- Task goal -
Find, in the records below, the line that contains "Sandro Tonali in training" and the line that contains "Kitchen With Integrated Fridge/Freezer". Copy those two lines and everything between them exactly, but not the pictures.

- Information given -
────────────────────
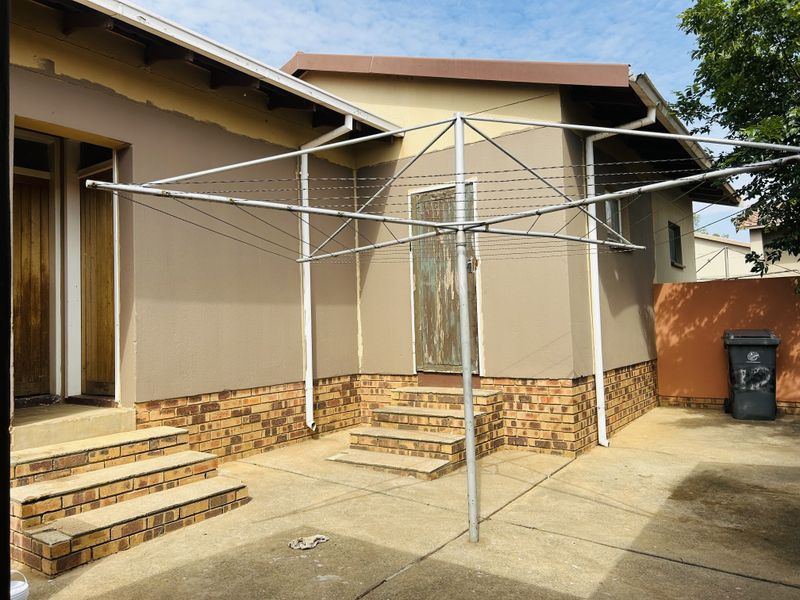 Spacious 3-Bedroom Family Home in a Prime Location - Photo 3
────────────────────
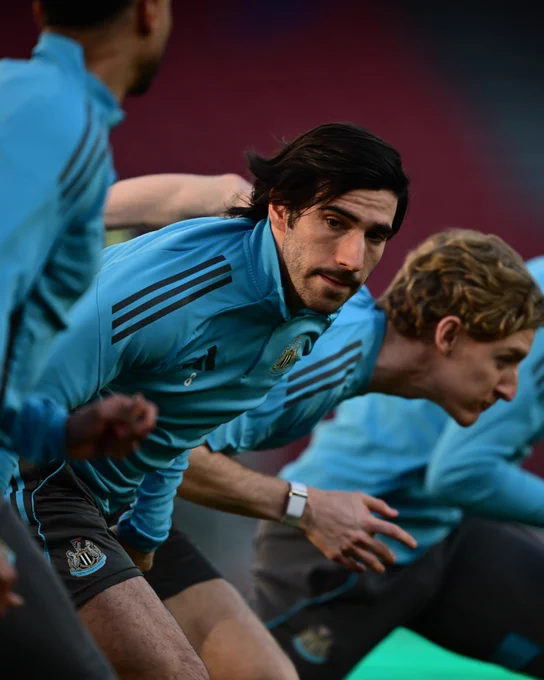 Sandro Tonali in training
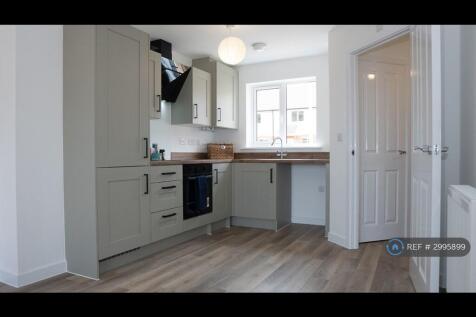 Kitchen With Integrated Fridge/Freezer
────────────────────
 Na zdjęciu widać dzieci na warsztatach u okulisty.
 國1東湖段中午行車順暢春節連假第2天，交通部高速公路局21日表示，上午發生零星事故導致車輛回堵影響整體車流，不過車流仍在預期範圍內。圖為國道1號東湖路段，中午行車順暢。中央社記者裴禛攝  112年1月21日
────────────────────
- Answer for this exercise -
 Sandro Tonali in training
 Kitchen With Integrated Fridge/Freezer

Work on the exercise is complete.